Set the whole listing down again, word for word, with no pictures.

===== Provided material

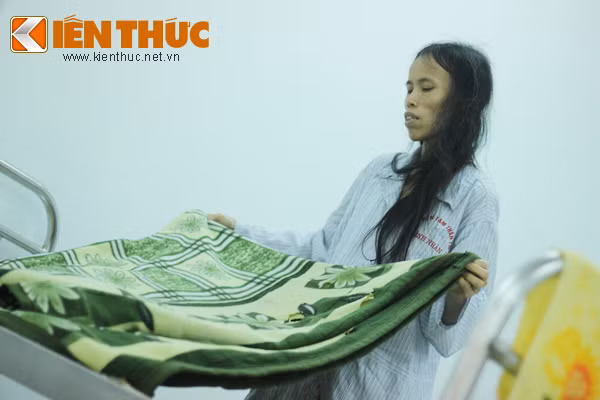 Khi còn đủ tỉnh táo thì những việc như gập chăn...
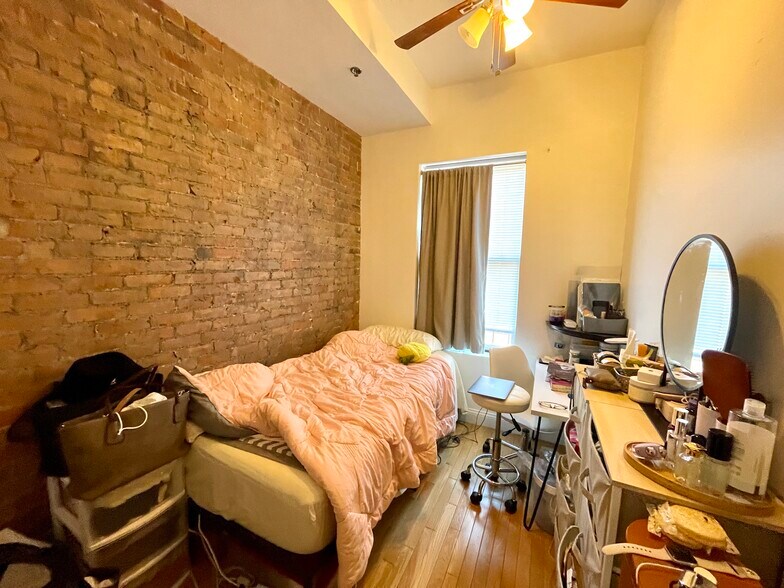 Building Photo - 243 Northampton St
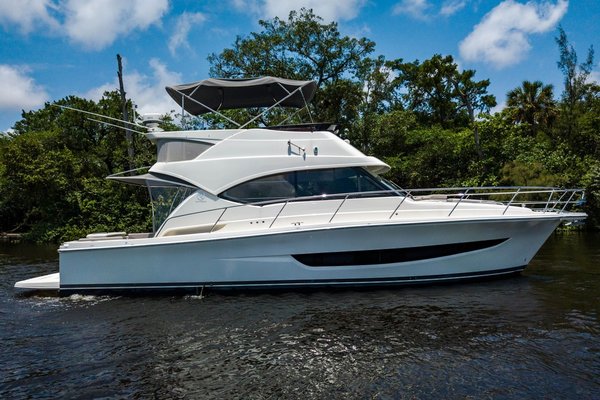 39 ft Riviera 2019 395 SMY Fort Lauderdale Florida United States $952551 39 ft Riviera 2019 395 SMY Fort Lauderdale Florida United States $952551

==========

- Output of the task -
 Khi còn đủ tỉnh táo thì những việc như gập chăn...
 Building Photo - 243 Northampton St
 39 ft Riviera 2019 395 SMY Fort Lauderdale Florida United States $952551 39 ft Riviera 2019 395 SMY Fort Lauderdale Florida United States $952551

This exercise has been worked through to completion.